Shares of Canadian Solar (NASDAQ: CSIQ) fell as much as 18.7% in trading Thursday after the company reported fourth-quarter 2018 earnings . At 3:15 p.m. EDT, shares were still down 18.8% on the day.
Fourth-quarter results weren't particularly startling for Canadian Solar. Module shipments were 1.95 gigawatts (GW) versus guidance of 1.9 GW to 1.95 GW. Revenue was $901 million and earnings were $99.5 million, or $1.61 per share on a non- GAAP basis.
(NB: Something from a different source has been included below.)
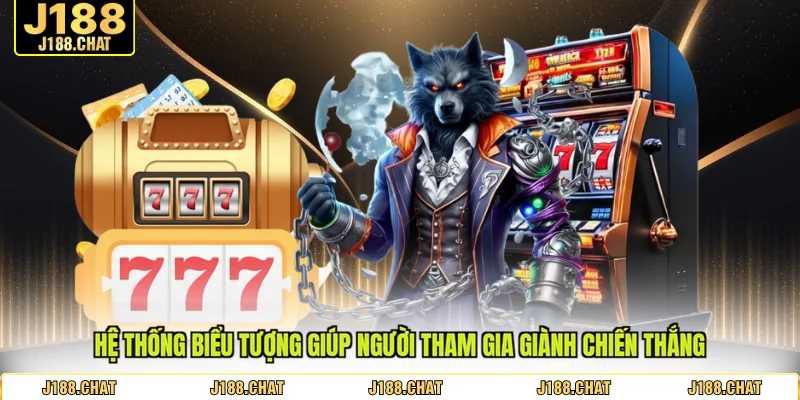 Hệ thống biểu tượng giúp người tham gia giành chiến thắng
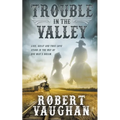 Trouble in The Valley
Image source: Getty Images.
Where investors really saw weakness was in guidance for 2019. Management said it expects to ship 1.3 GW to 1.4 GW in the first quarter (which is almost over) and report $450 million to $480 million of revenue, and gross margin of 16% to 18%. For the full year, the company expects 7.4 GW to 7.8 GW of shipments and $3.5 billion to $3.8 billion of revenue. Net income is also expected to be down from the $237.1 million reported in 2018. For context, analysts were expecting $3.94 billion in revenue.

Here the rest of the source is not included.